With the advances of high-throughput sequencing, we can now systematically investigate the transcriptome profile, including mRNAs, long non-coding RNAs (lncRNAs), circular RNAs (circRNAs) and miRNAs, in peripheral blood. In the present study, we enrolled 7 patients with OUD and 7 healthy controls and analyzed the transcriptome expression of peripheral blood by RNA sequencing. We identified hundreds of differentially expressed transcripts (mRNAs, lncRNAs, circRNAs, and miRNAs), and enrichment analysis with these differentially expressed transcripts suggested that several pathways might participate in the mechanisms of OUD.

Materials and Methods

Participants and Ethics Statement

A total of 14 male participants, 7 patients with OUD and 7 healthy control subjects aged 40–50 years, who met the Diagnostic and Statistical Manual of Mental Disorders, 5th Edition (DSM-5), diagnostic criteria for Opioid Use Disorder 1 (Supplementary Table S1). A problematic pattern of opioid use leading to clinically significant impairment or distress, as manifested by at least two of the following, occurring within a 12-month period: Opioids are often taken in larger amounts or over a longer period than was intended. All of them had nicotine dependence, were recruited from Wuhan Mental Health Center, Wuhan, China. We excluded subjects with the following criteria: (1) the subjects had polydrug use; (2) the subjects had a serious physical illness; (3) subjects with primary mental illness in the OUD group and those with mental illness in the control group. All participants provided written informed consent before enrollment.
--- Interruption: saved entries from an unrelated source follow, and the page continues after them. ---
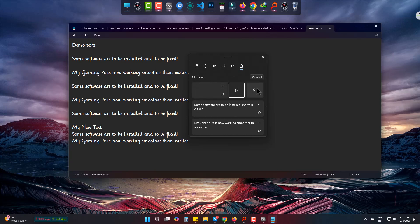So this is how you can simply copy multiple items and paste them easily with less effort. Please be with us and also subscribe to Inspire. Goodbye.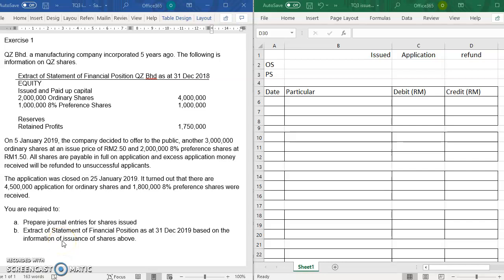Assalamualaikum, salam sejahtera. This video is to show you how to write an answer for a question on issuance of shares. On the left side is the question on issuance of shares, and on the right side it will show you how to write the answer. You may pause the video and read the question first.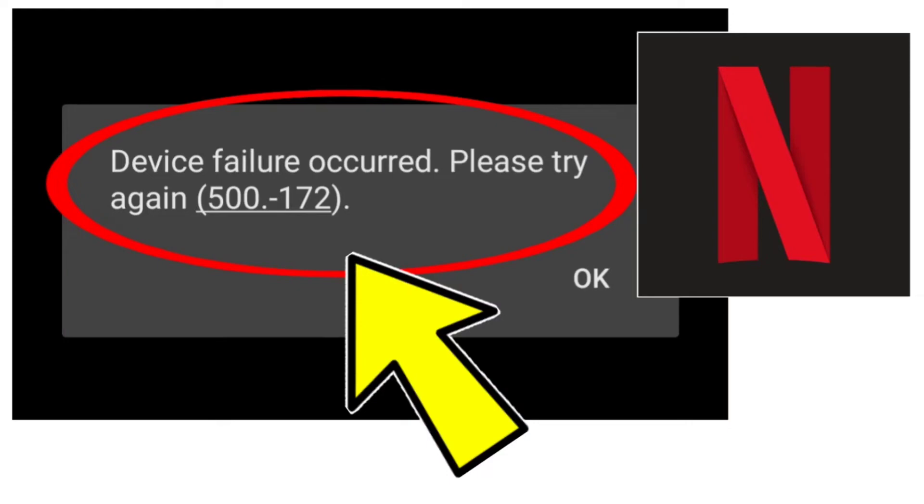How to fix Netflix app device failure occurred. Please try again, error 500-172. Problem step-by-step detailed solution.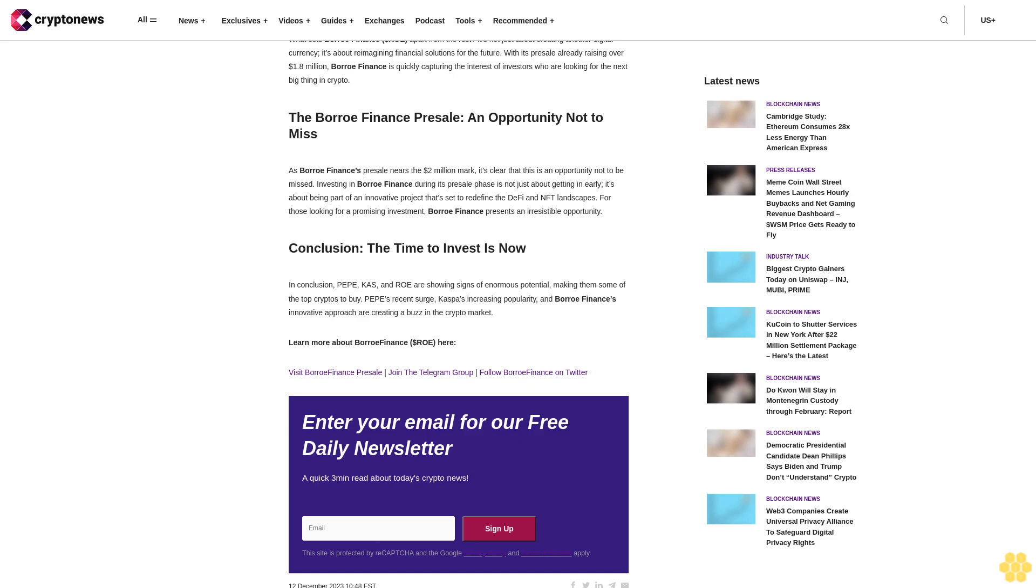Visit Borrow Finance presale, join the Telegram group, follow Borrow Finance on Twitter. Enter your email for our free daily newsletter, a quick three-minute read about today's crypto news. Sign up. The site is protected by reCAPTCHA and the Google Privacy Policy and Terms of Service apply.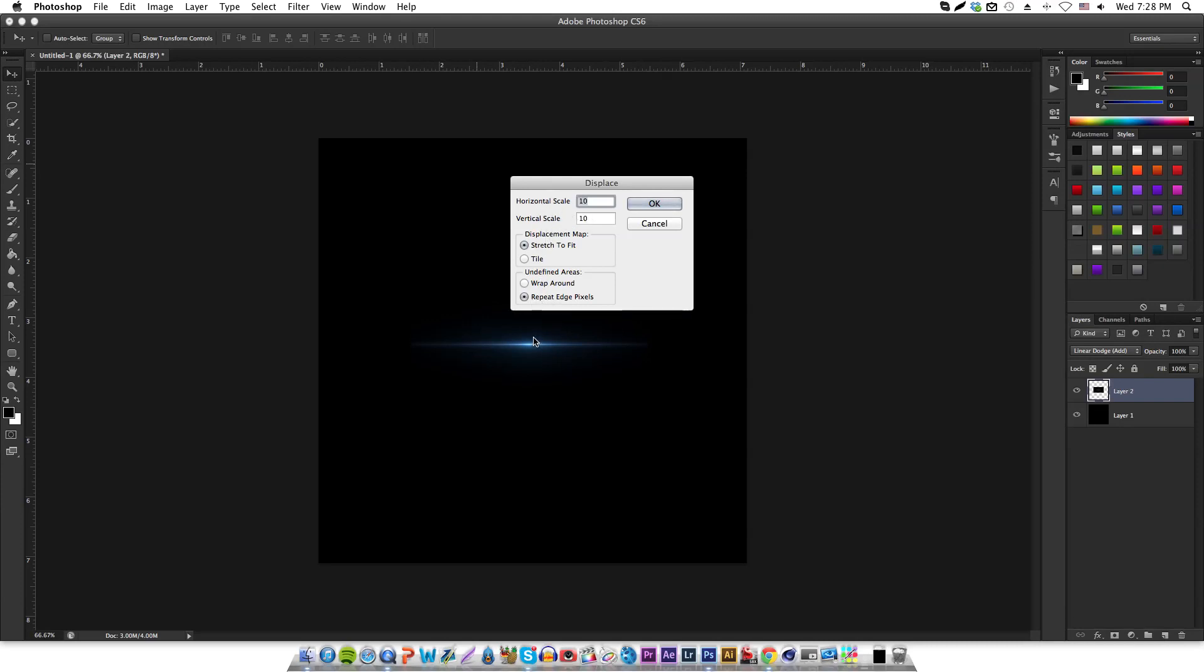Horizontal and vertical values obviously depend on what you're doing. For this one we'll just keep it at 10 over 10, keep it even. Hit okay.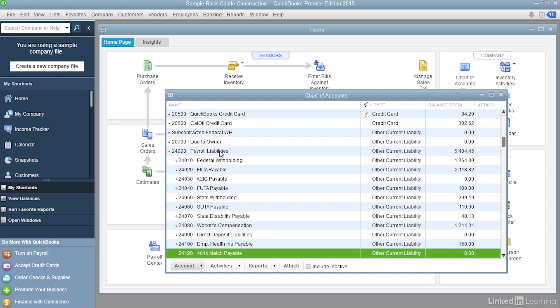That's how you create additional accounts to track your payroll. Keep your payroll accounts organized by making them subaccounts to the top level payroll liability and expense accounts.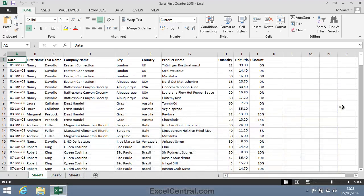Imagine that you need to compare sales for the 3rd of February 2008 to sales for the 3rd of March 2008. This could involve a lot of scrolling, unless you split the window into two panes.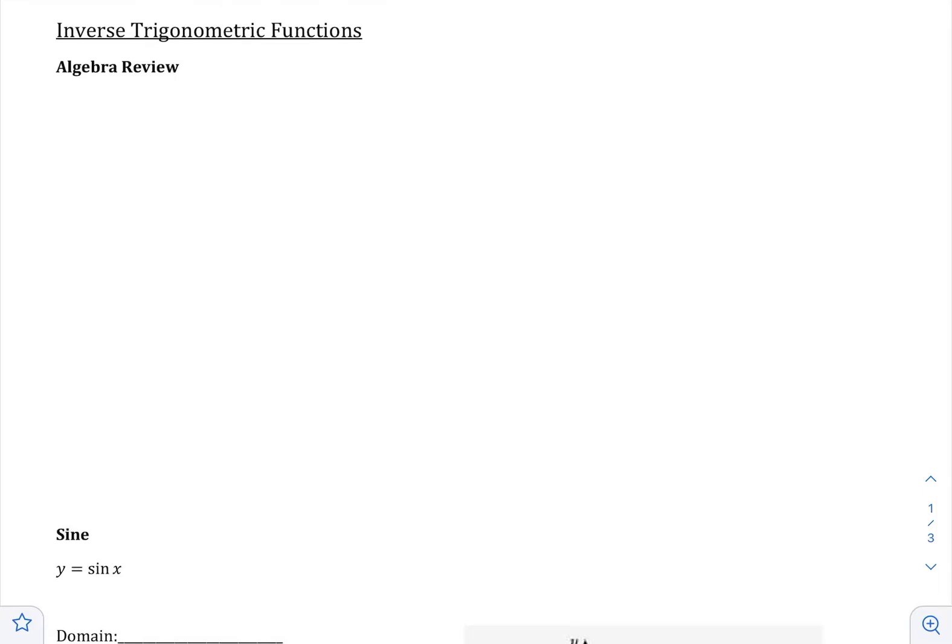We have defined the trig functions, we have looked at some of their properties, and we have graphed them. So now we're going to switch gears and we're going to look at the inverse trig functions. We're going to introduce only three of the inverse trig functions: sine inverse, cosine inverse, and tangent inverse.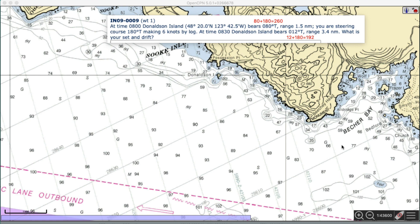This is an exercise from an online quiz in our navigation course. It involves finding the current based on two observations of range and bearing to a single landmark. At 8 o'clock, Donaldson Island bears 80° true, range 1.5 miles — presumably obtained by radar. You are steering course 180° true, going due south at 6 knots. At 8:30, the island was 112° true, range 3.4 miles. What's your set and drift?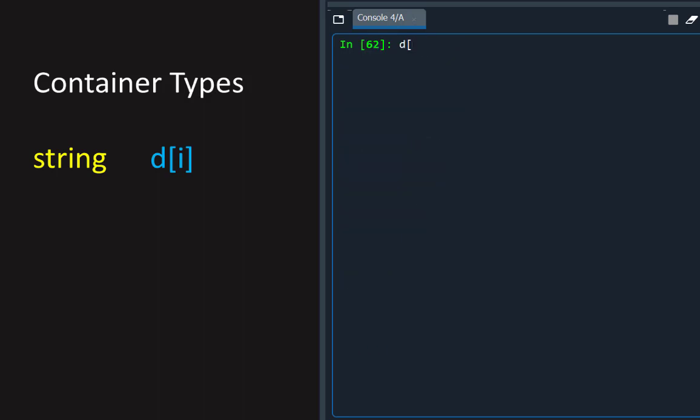Python allows negative indexing, which accesses items from right to left, but only up to the last item on the left.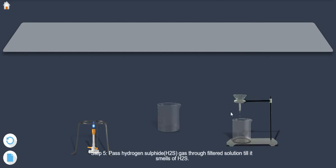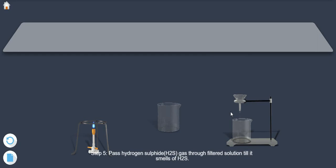Step 5: Pass hydrogen sulphide, i.e., H2S gas, through filtered solution till it smells of H2S.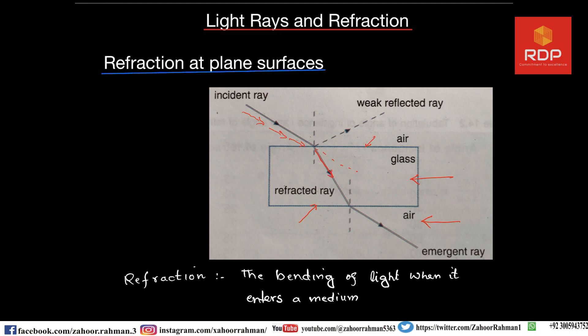The light bends a little bit towards the normal. It will always bend towards the normal if it is entering from a rare medium to a denser medium. It will bend away from the normal if it is emerging out from a denser medium to a rare medium. As shown in the diagram, the angle of incidence and the corresponding exit angle are equal, but the angle inside the glass is different.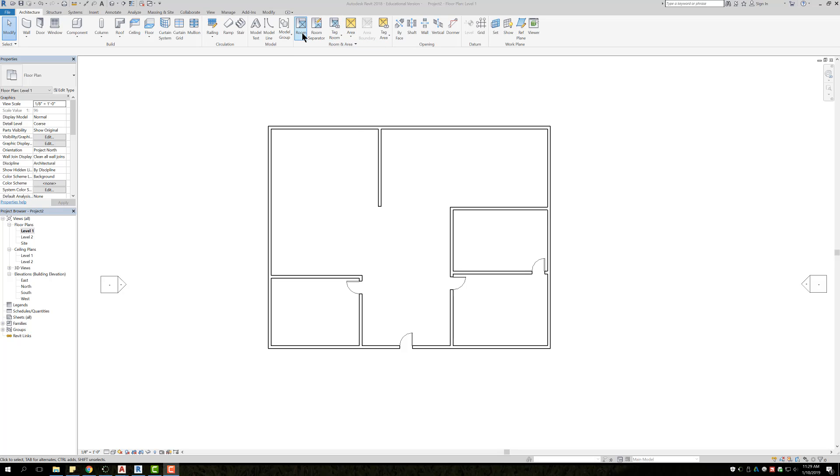Okay, so in this video we're going to go over rooms, we're going to go over room separator, and then tags for room.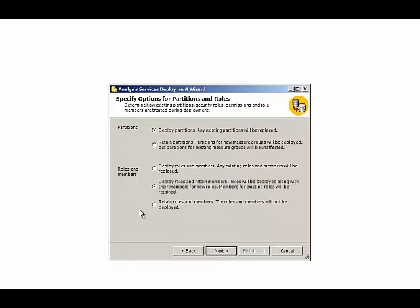Then it asks us what we want to do if there are existing partitions and roles. But since this is the first time that we've deployed this particular database, we'll just keep the default settings.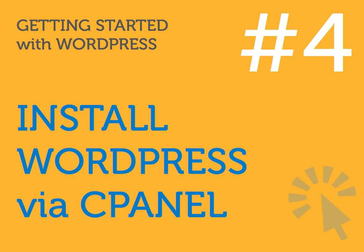Welcome back to another lesson from Getting Started with WordPress, a free online course by the ClickStarter. Use this video as a guide and follow along on your own computer.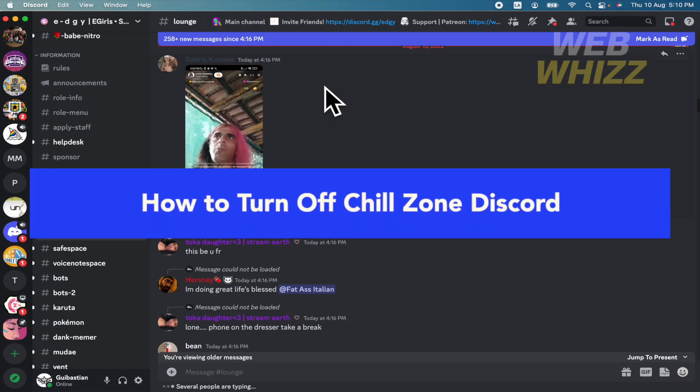How to turn off Shield Zone Discord? Hello everybody and welcome to our channel, WebWiz.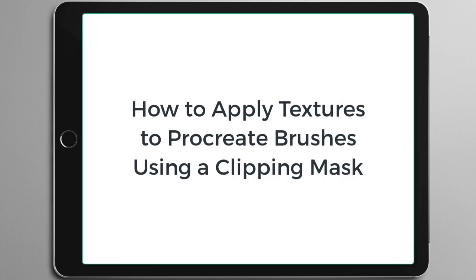That was just quickly how to use a clipping mask in Procreate, which I think is a very much needed and wonderful update that they've had. It makes it really easy to apply textures and to get really creative and have a lot of fun. I hope you enjoy!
The protocols and recruitment procedures described in the present study were approved by the Research Ethics Committee of Wuhan Mental Health Center (Ky2022.02.04). The history of heroin use and current medication use was obtained via self-report and electronic medical records. Five milliliters of blood was drawn from each of the participants with an empty stomach at the same time of day in the morning.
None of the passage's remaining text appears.